Introduction

This chapter contains the following topics:

Overview

The key to success when troubleshooting the system hardware is to isolate the problem to a specific system component. The first step is to compare what the system is doing to what it should be doing. Because a startup problem can usually be attributed to a single component, it is more efficient to isolate the problem to a subsystem rather than troubleshoot each separate component in the system.

Terminology

Below is a list of terminology essential for understanding the concepts in this troubleshooting guide.

Term Definition
CPU Central Processing Unit. Common reference to both CISC (complex instruction set computer) and RISC (reduced instruction set computer) processors
FHHL PCIe card form factor, Full Height Half Length
GPU Graphics Processing Unit
NIC Network Interface Card
NVMe Non-Volatile Memory Express
OCP Open Compute Project
PCIe Peripheral Component Interconnect Express. Refers to a communication like defined within PCISIG standards body.
BMC Baseboard Management Controller
FRU Field Replace Unit
DCSCM Datacenter Secure control Module Specification
IPMI Intelligent Platform Management Interface

Initial Power Up

Problems with the initial power up are often caused by a module that is not firmly connected to the backplane or a power supply that has been disconnected from the power cord connector.

Overheating can also cause problems with the system, though typically only after the system has been operating for an extended period. The most common cause of overheating is the failure of a fan module.

Guidelines for Troubleshooting

When you troubleshoot issues with a C-Series Rack-Mount Server or any component in it, we recommend that you follow the guidelines.

Guidelines

Descriptions

Take screenshots of the fault or error message dialog box and other relevant areas.

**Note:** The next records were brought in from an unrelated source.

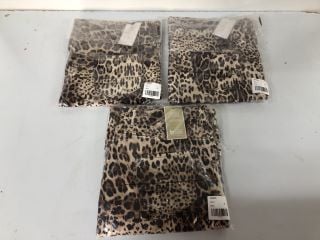 3 X LEOPARD PRINT DENIM MIDI SKIRTS - SIZE: 16 - RRP.£30 EACH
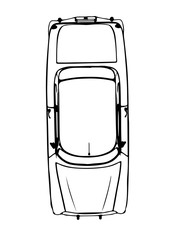 sketch retro car vector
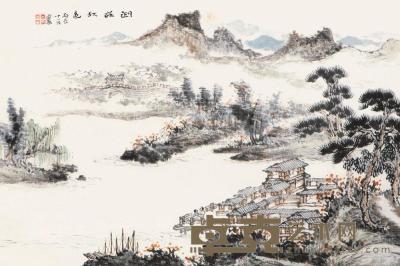 沈子丞 丙辰（1976）年作 湖庄秋色 镜片 32.5×49cm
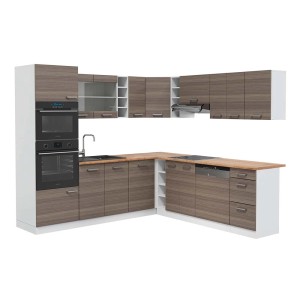 Vicco R-Line Eckküche in Edelgrau/Weiß mit Eiche Arbeitsplatte, 237x247 cm.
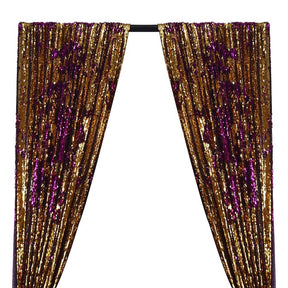 Two-Sided Reversible Sequins Rod Pocket Curtains - Gold / Purple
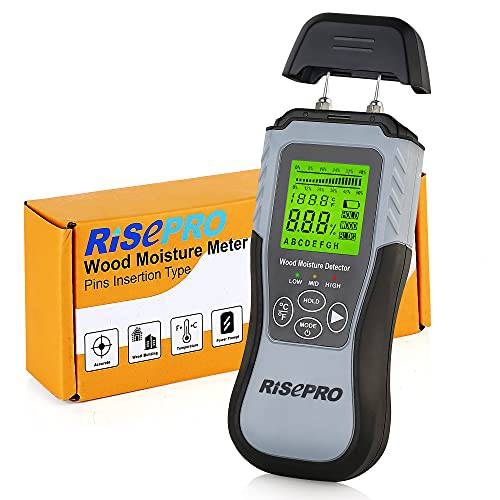 우드 수분계 - RISEPRO 2 핀 디지털 습도 테스터, 모이스처 탐지기 검사 빌딩 재질 Firewood 벽면 용지,종이 바닥 w/ 백라이트 LCD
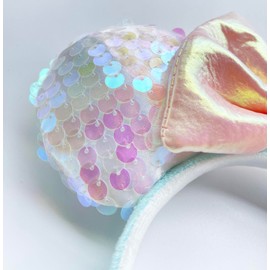 A Miaow 3D Black Mouse Sequin Ears Headband MM Glitter Butterfly Hair Clasp Park Supply Adults Women Photo Accessory (Champagne Crown)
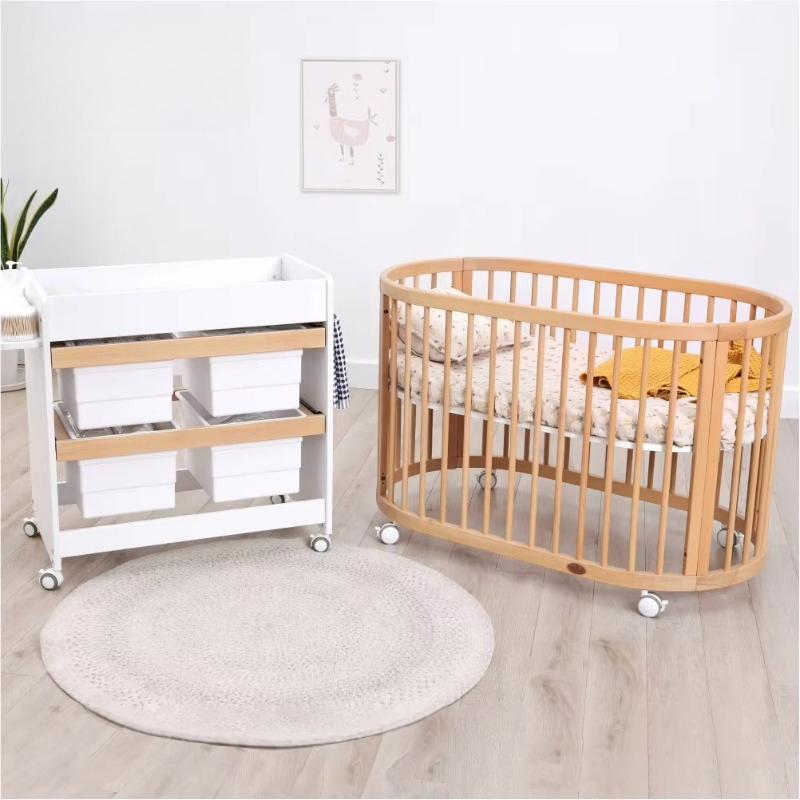 Baby Nursery Furniture Sets - ชุดเฟอร์นิเจอร์อเนกประสงค์สำหรับเด็กอ่อน แบบปรับเปลี่ยนได้ 3-in-1 เปลไม้ทรงรี พร้อมโต๊ะเปลี่ยนผ้าอ้อม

These screenshots provide visual cues about the state of the C-Series server when the problem occurred. If your computer does not have software to take screenshots, check the documentation for your operating system, as it may include this functionality

Record the steps that you took directly before the issue occurred.

If you have access to screen or keystroke recording software, repeat the steps you took and record what occurs.

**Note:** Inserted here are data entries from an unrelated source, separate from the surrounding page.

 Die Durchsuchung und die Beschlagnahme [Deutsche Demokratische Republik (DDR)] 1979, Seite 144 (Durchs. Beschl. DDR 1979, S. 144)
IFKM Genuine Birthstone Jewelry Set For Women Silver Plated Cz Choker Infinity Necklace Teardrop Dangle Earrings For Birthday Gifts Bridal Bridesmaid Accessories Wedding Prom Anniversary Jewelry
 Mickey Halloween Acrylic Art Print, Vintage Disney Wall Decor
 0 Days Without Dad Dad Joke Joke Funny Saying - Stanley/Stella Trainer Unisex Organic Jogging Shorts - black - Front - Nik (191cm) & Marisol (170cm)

If you do not have access to this type of software, repeat the steps you took and make detailed notes of the steps and what happens after each step.

Enter the show tech-support command

The information about the current state of the server is very helpful to the Cisco Technical Assistance Center (TAC) and frequently provides the information needed to identify the source of the problem.

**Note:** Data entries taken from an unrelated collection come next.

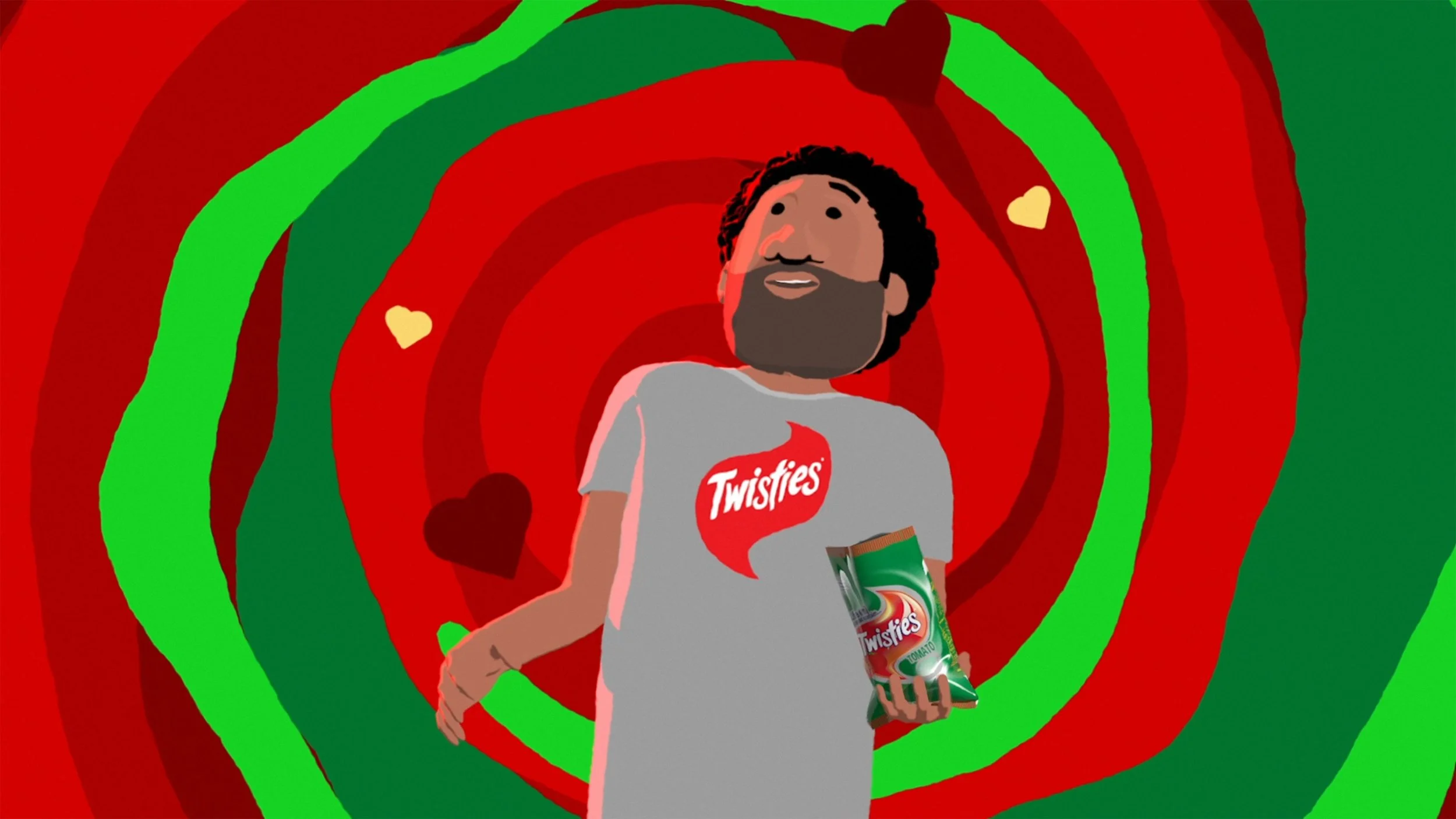 A cartoon man with a beard and curly hair standing in front of a red and green swirling background, holding a bag of Twistees snack chips.
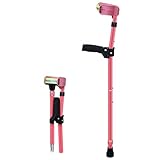 Verstellbare faltbare Unterarmgehstützen für Reisen, leicht, Aluminium, Gehkrücken (Rosa)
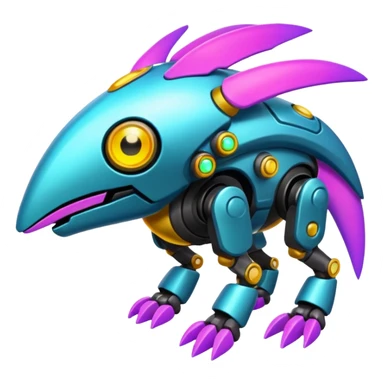  exotic colorful cyber-Protogen-Fakémon-Pokémon-Vernid-creature sticker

The Cisco UCS C-Series Rack Servers Family includes the following subsystems on most chassis:

  • Power supply— This includes the power supply fans.

  • Fan module—The chassis fan module should operate whenever system power is on. You should see the Fan LED turn green and hear the fan module to determine whether it is operating. If the Fan LED is red, this indicates that one or more fans in the fan module are not operating. You should immediately contact your customer service representative.


Note


There are no installation adjustments that you can make if the fan module does not function properly at initial startup.